Prognostic Evaluation of Protein Coding and Long Non-Coding RNAs in Pediatric T-Cell Acute Lymphoblastic Leukemia
Abstracts

Abstract

Introduction: T-cell acute lymphoblastic leukemia (T-ALL) is a genetically heterogeneous disease with poor prognosis and inferior outcome. Even with highly intensified therapy, T-ALL patients have a higher rate of relapse with poorer post-relapse survival. Although immunological, cytogenetic, and genomic approaches have been extensively utilized for understanding the biology of the disease, their impact on patient prognosis remains challenging. In the current study, we aimed to characterize the coding and long non-coding (lncRNA) RNA landscape in pediatric T-ALL and evaluate their clinical relevance.

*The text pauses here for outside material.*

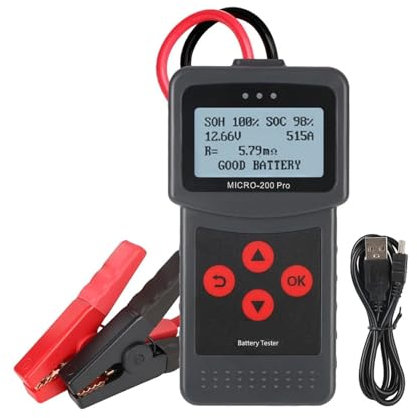 YQVEOT Testeur de Batterie, Outils d'inspect autoe MC200 Pro Car Moto Batterie Résistance Interne Analyse de la durée de Vie Testeur de Batterie Start Stop(MC-200PRO)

Methodology: RNA sequencing was performed on pediatric T-ALL patient samples (n=25). Differential expression analysis was performed to identify dysregulated mRNAs and lncRNAs. Validation of candidate RNA was conducted using real-time PCR.

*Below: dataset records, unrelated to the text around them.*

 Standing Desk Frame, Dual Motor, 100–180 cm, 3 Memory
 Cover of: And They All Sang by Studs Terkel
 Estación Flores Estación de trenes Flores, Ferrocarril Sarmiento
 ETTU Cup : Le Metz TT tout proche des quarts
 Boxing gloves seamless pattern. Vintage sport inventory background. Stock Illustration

Results: The median age of the patients at diagnosis was 7 years with male to female ratio of 11.5:1. RNA sequencing revealed a definitive fusion event in 14 cases (56%) with STIL::TAL1 in 4 (16%), followed by NUP21::ABL1, TCF7::SPI1, ETV6::HDAC8, LMO1::RIC3, DIAPH1::JAK2, SETD2::CCDC12 and RCBTB2::LPAR6 in 1 (4%) case each. Significant aberrant expression was noted in RAG1 (64%), RAG2 (80%), MYCN (52%), NKX3-1(52%), NKX3-2 (32%), TLX3 (28%), LMO1(20%), and MYB (16%) genes. Clinically significant association of a better EFS and OS (p=0.01) was noted with RAG2 over-expression at a median follow-up of 32 months, while a poor EFS (p=0.041) and high relapse rate (p=0.045) were observed with MYB over-expression. Besides coding gene expression, seven lncRNAs, LINC01221, PCAT18, LINC00977, RP11-620J15.3, RP11-472G21.2, RP11-472G21.2, and CTD-2291D10.4, were highly expressed in T-ALL patients, with RP11-620J15.3 correlating significantly with better overall survival (p=0.0007) at a median follow-up of 32 months.

Conclusion: Overall, the present study demonstrates the expression signature of coding and noncoding RNAs with prognostic implications in T-ALL and is a salient addition to current transcriptomics data sets available in T-ALL.